The Pareto principle can feel abstract in the telling, and even readers who accept it in theory often struggle to translate it into action. What, concretely, are one’s vital few? Which of one’s habits belong in the first 20 percent, and which in the remaining 80? Juran, who had spent a career applying the principle in industrial settings, was aware of this difficulty, and he offered two simple tools for closing the gap between the idea and its use.
The first is the Pareto table. One lists the causes under examination—personal expense categories, for instance—alongside their effects, such as the amount of money spent on each. A third column expresses each effect as a percentage of the total, and the rows are then sorted from largest share to smallest. A final column runs a cumulative total down the list, so that one can see at a glance how many of the top categories are required to reach roughly 80 percent of the whole.
The table makes visible what the monthly bank statement usually obscures. A person may be preoccupied with finding a cheaper mobile phone plan, only to see from the table that the entire mobile expense is a minor line item—and that a modest reduction in a far larger category, such as clothing, would outweigh any possible saving on the phone. The preoccupation had been with the useful many; the opportunity was in the vital few all along.
The second tool is the Pareto diagram, sometimes called a Pareto chart, which presents the same information in visual form. Where the table is precise, the diagram is immediate: the bars descend from left to right, and the cumulative line curves up to show where the 80 percent threshold is crossed. For many people, the shape of the diagram conveys at a glance what the table requires a closer reading to show.

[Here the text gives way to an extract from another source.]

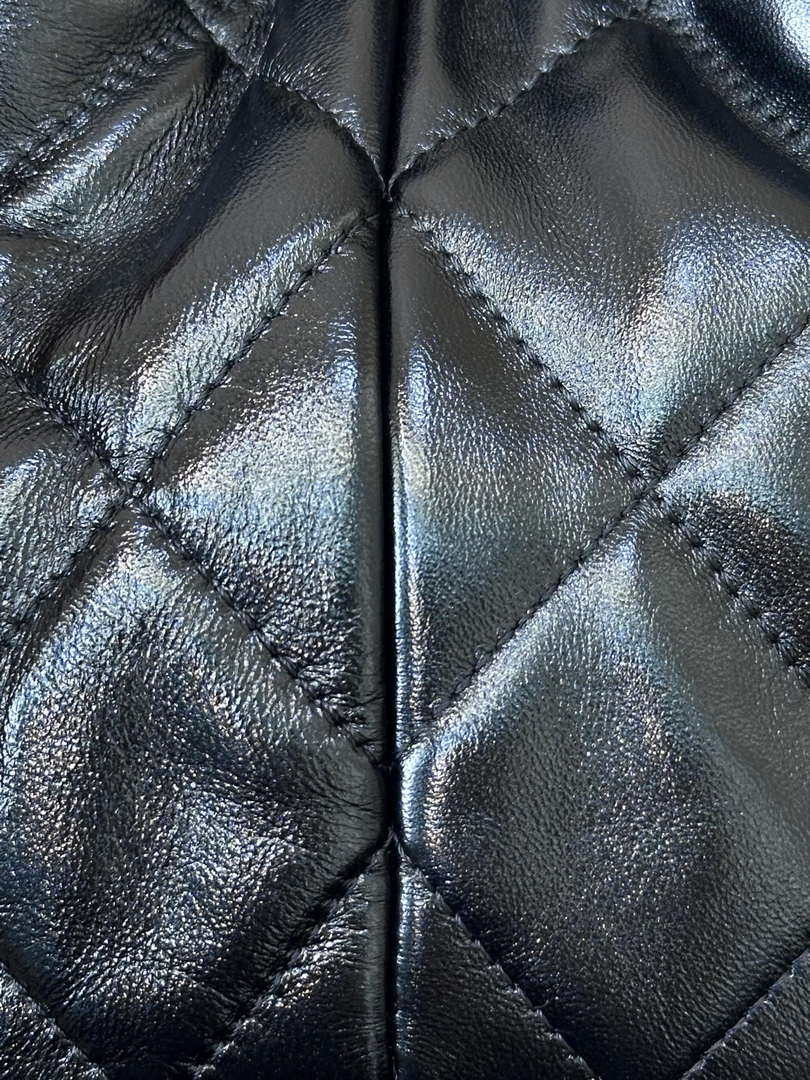 Chanel 25SS Hobo Bag Shiny Lambskin & Gold-Tone Metal AS5411 Black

Neither tool is meant to yield a perfectly clean 80/20 split, and the reader should not expect one. Real distributions are rarely tidy; the split may be 70/30, or 90/10, or something irregular, and in the border region between the vital few and the useful many there is usually an awkward zone in which a given item could plausibly be placed on either side. These cases call for judgement rather than calculation, and the analyst must be willing to make a considered guess and move on. The point of the exercise is not to produce a correct answer but to provoke the right question, and the value lies in the action that follows, not in the neatness of the chart. If the diagram shows no disproportion at all—if the bars descend in a gentle, almost linear slope—the likely explanation is that the categories have been grouped in a way that conceals the underlying pattern, and a different classification should be tried.

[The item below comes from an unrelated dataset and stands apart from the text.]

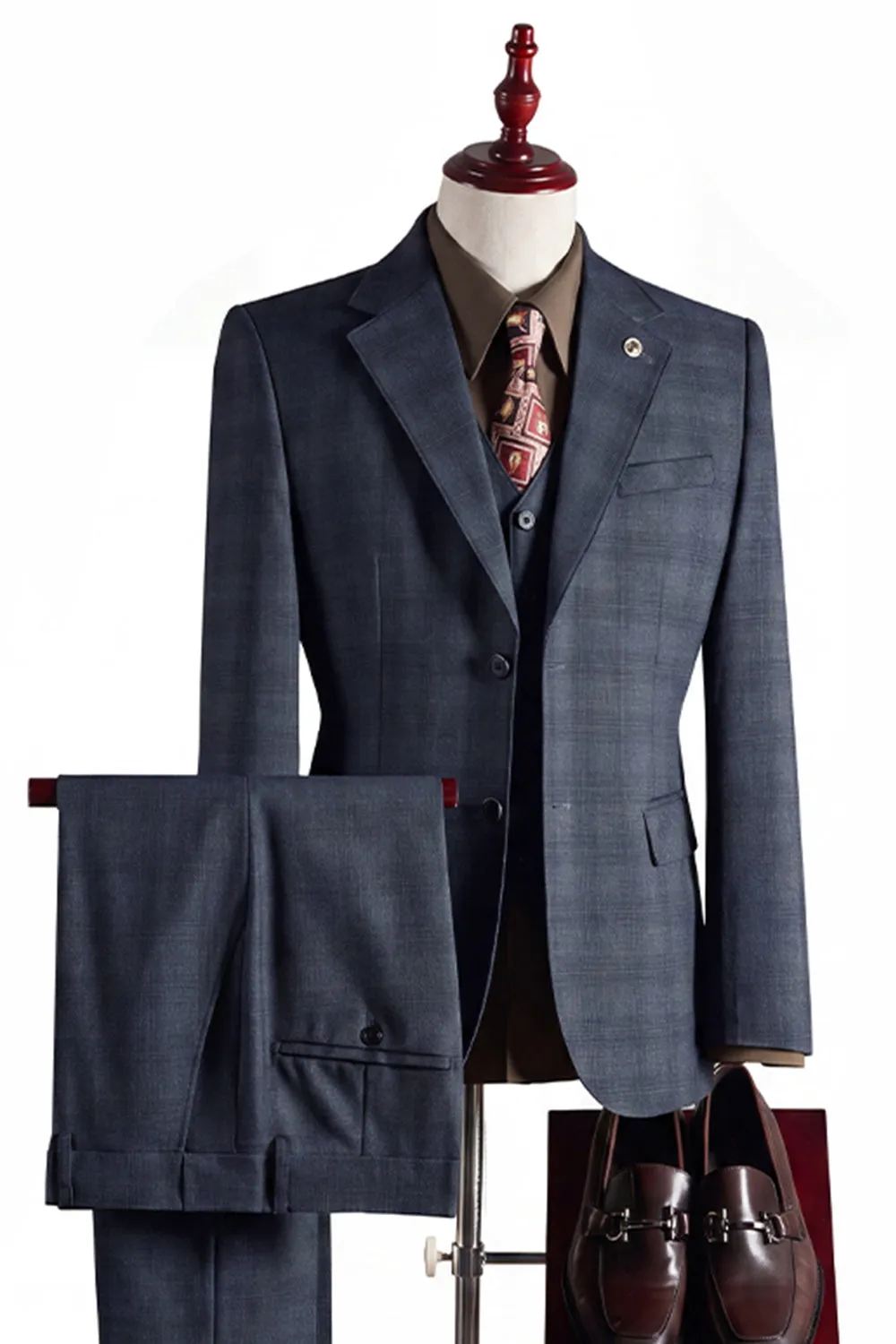 Navy 3 Piece Notch Lapel Single Breasted Men's Prom Suits sold by Zapaka product image thumbnail 5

The Pareto principle, properly understood, is not a shortcut. It is a way of looking at one’s own life and asking, with some honesty, which of its activities are actually producing the results that matter, and which are merely being carried forward out of habit. Most lives drift into their shape; a life examined through Pareto’s lens is chosen. The reward is not that one does less, but that what one does counts for more.
The deeper lesson, and the one most easily missed, is the masterpiece proviso. In the domains that matter most—the ones in which a person hopes to produce something worth producing—the Pareto ratio inverts, and it is the final stretch of effort that carries the value. The principle is popularly invoked as a reason to stop short, to trim the effort, to let 20 percent of the work suffice. But for the things one has rightly chosen to pursue, the opposite is true. Having chosen well, one must then be willing to see the work through to the end, where the result is no longer proportional to the effort but vastly greater than it. This is the paradox at the heart of the principle: it asks us to be ruthless about what we attend to, and then, having attended, to give it everything.